_YOUR INSTRUCTIONS_: Every line from the one with "Stampa in bianco" to the one with "300FT RGB+IC Permanent", including those two, is to be copied exactly; all other lines of the entries below are left out.

_EXTRACTED RECORDS_:

________________

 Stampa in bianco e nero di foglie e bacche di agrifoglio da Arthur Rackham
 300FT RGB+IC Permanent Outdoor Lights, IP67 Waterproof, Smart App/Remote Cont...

________________

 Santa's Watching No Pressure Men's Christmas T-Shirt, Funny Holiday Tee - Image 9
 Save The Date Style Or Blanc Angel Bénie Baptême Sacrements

________________

_RESPONSE_:
 Stampa in bianco e nero di foglie e bacche di agrifoglio da Arthur Rackham
 300FT RGB+IC Permanent Outdoor Lights, IP67 Waterproof, Smart App/Remote Cont...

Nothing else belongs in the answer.